It was February 2010, close to Ambrose’s thirty-fourth birthday, and he was at a private shooting range in Bangkok. He leaned forward with a good wide stance and gently pulled the trigger on his .44, allowing the discharge to “surprise” him the way those marines had taught him in Baghdad. If he were surprised, they’d claimed, he wouldn’t flinch when the round went off. His sharp eyes saw a new hole open in his paper target seventy feet away.

Squeeze.
Blam
. Another hole.

Squeeze.
Blam
. Another hole.

Squeeze. Empty. Retrieve the target.

As the paper target raced forward on its track next to him, his guest at the shooting range emptied his third full magazine clip for an AR-15. That classic American assault rifle had been designed to kill Vietnamese guerillas with a 5.56x45mm round that mushroomed wickedly outward on impact. Per its design, Ambrose figured that Taimur Abdurrahman al-Duqmi had killed a couple dozen Viet Cong singlehanded. Too bad America hadn’t let Omani diplomats fight in the Tet Offensive.

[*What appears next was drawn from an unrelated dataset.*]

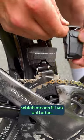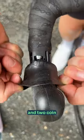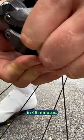It's wireless, which means it has batteries. They're all different to meet the exact needs of each component: one on the front derailleur, one on the rear derailleur, and two coin cells in the hoods. They'll get you roughly 750k before they need a charge, and it rapidly charges up to 90% in just 45 minutes.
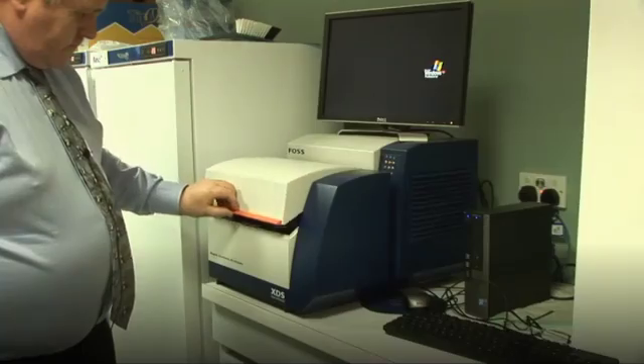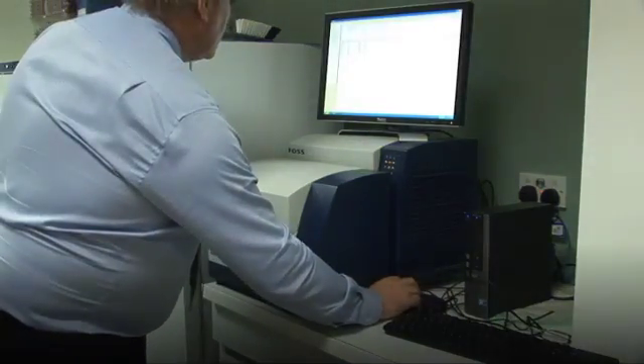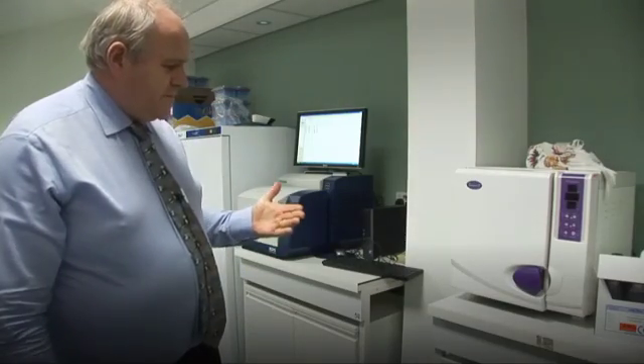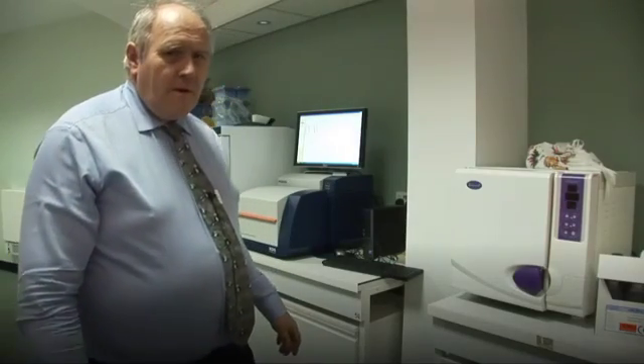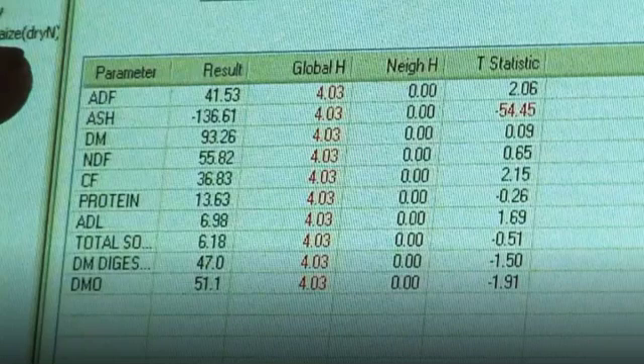That takes about 32 to 50 seconds to do, and then when we have finished the machine will display a profile of the various components. We can analyse it for protein, for minerals, for fat, for various fibres, parts of the cell wall, the cellulose, and also the soluble sugars.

As Ambrose took off his noise dampening earmuffs and lit a cigarette, the ambassador for the Sultanate of Oman finished his barrage and cracked a massive smile. He took off his own mufflers then retrieved his target. Nothing survived except for the very top of the paper, above the target’s silhouetted head. Ambrose supposed that meant the Omani had reduced his opponent to nothing but a war scalp. Ambrose checked his own silhouette. He’d used a modest eleven round clip and scored eight good hits, with seven in the torso and one right through his enemy’s forehead. A ninth round had blown apart his enemy’s right shoulder. Two were lost in the fog of war, but nine out of eleven was good enough for light practice on a Sunday, he figured.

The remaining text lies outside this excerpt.